*WHAT THE TASK REQUIRES:*
Only the lines from the one containing "High-End Embroidered Collar" through the end of the listing belong in the answer, repeated exactly, with no pictures.

*TASK DATA:*
_____

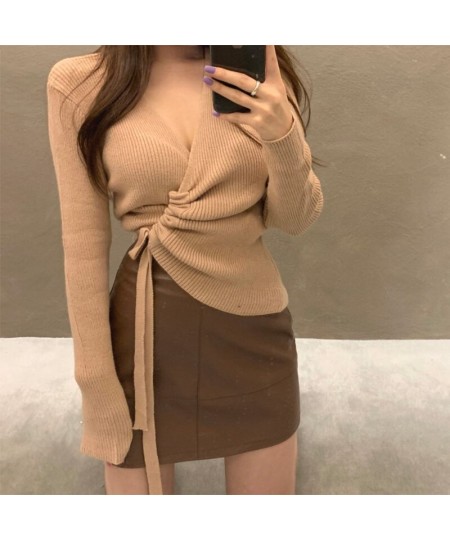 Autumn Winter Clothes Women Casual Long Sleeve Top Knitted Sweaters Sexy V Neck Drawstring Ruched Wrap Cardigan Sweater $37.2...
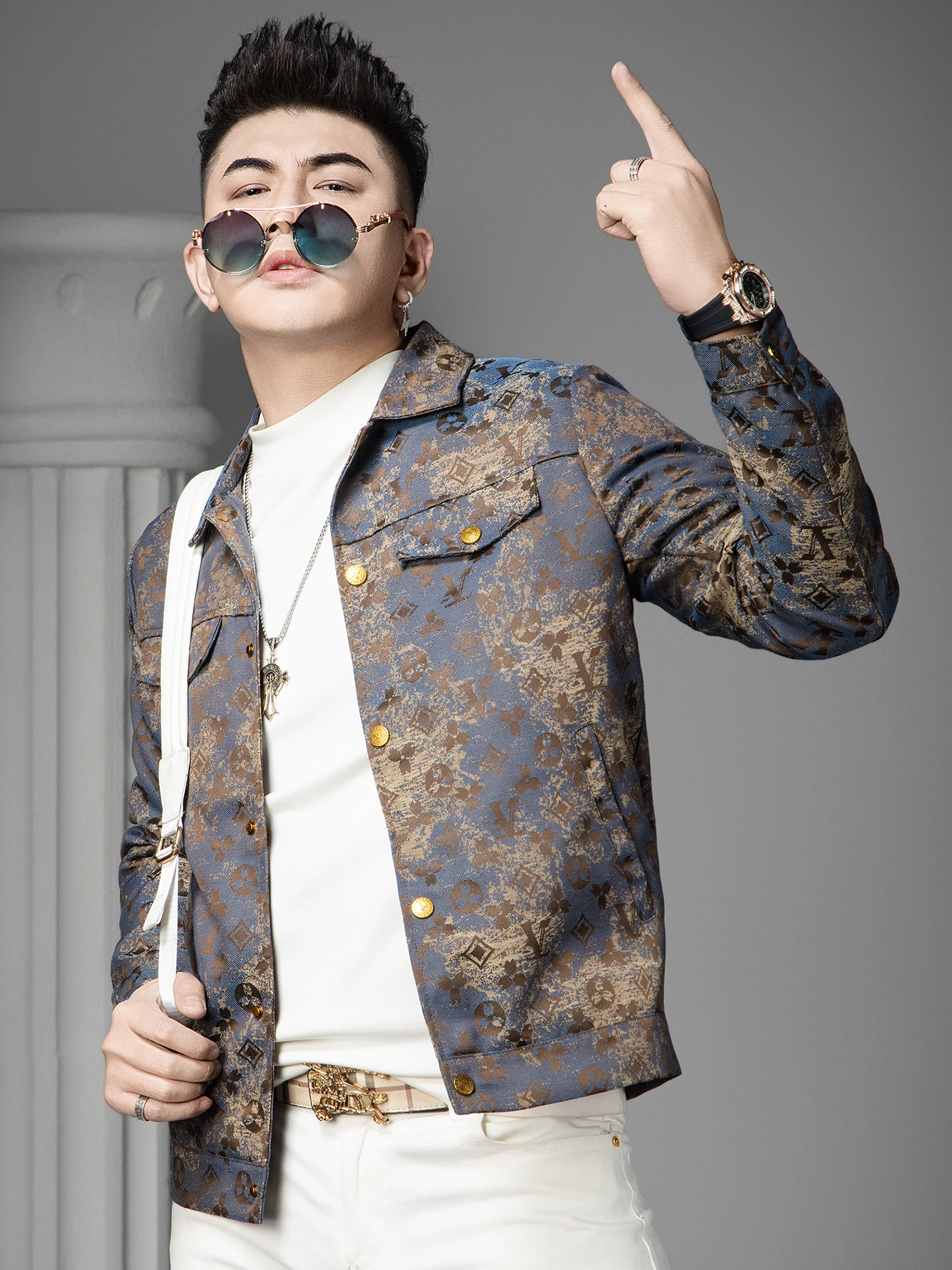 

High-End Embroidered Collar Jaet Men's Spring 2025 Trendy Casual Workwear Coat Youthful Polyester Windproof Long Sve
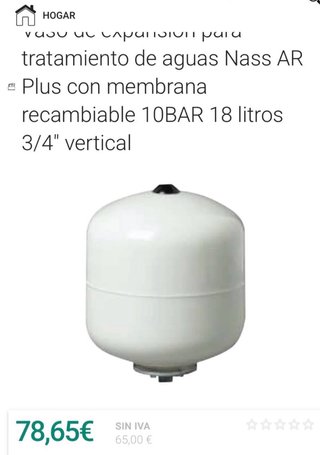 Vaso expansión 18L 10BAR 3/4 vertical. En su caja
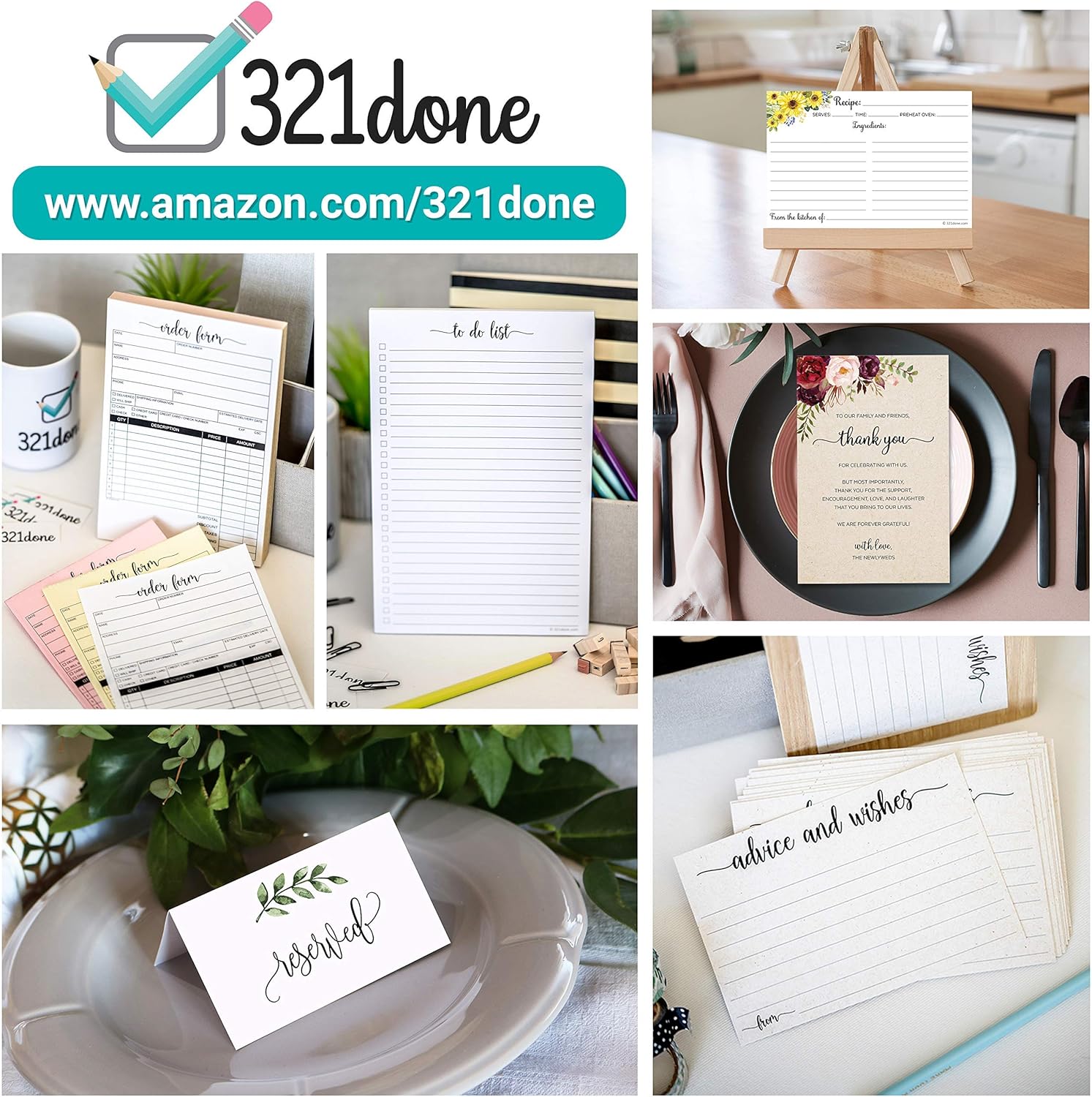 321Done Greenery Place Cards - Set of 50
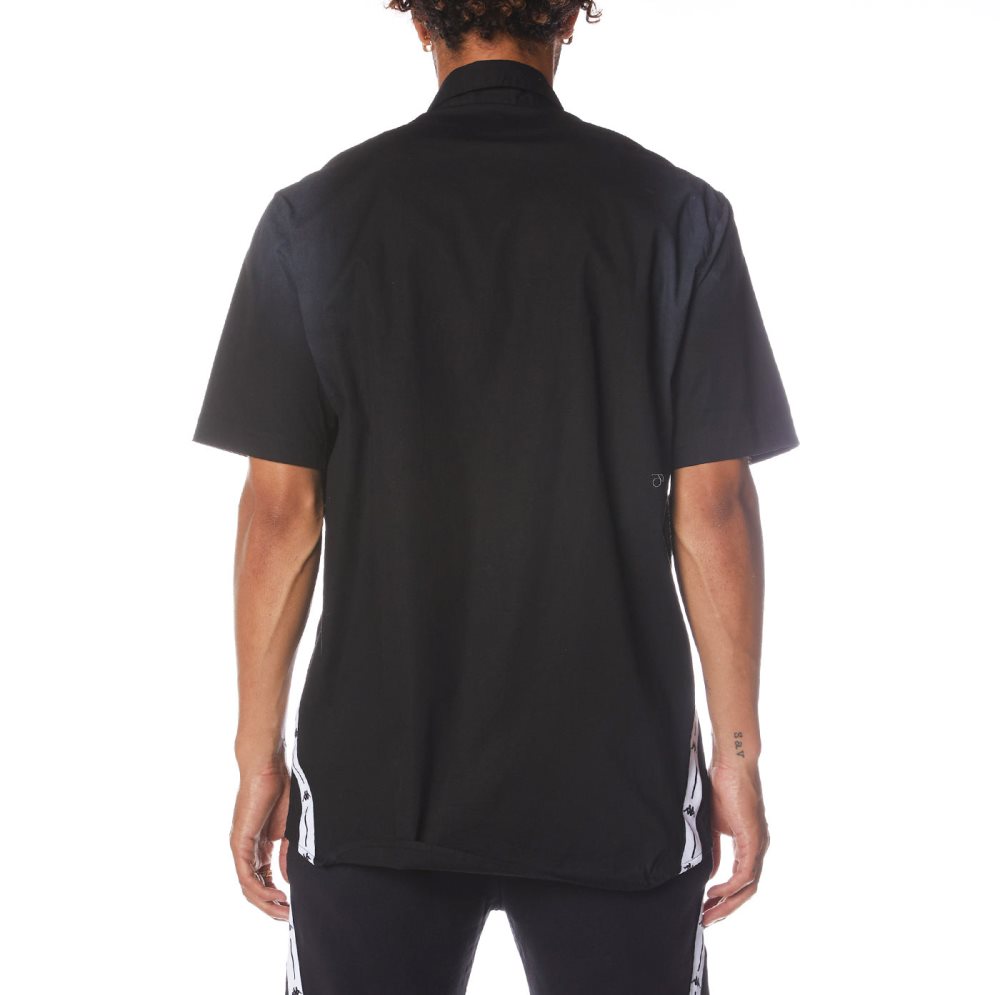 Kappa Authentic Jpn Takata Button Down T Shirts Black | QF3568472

_____

*TASK RESULT:*
High-End Embroidered Collar Jaet Men's Spring 2025 Trendy Casual Workwear Coat Youthful Polyester Windproof Long Sve
 Vaso expansión 18L 10BAR 3/4 vertical. En su caja
 321Done Greenery Place Cards - Set of 50
 Kappa Authentic Jpn Takata Button Down T Shirts Black | QF3568472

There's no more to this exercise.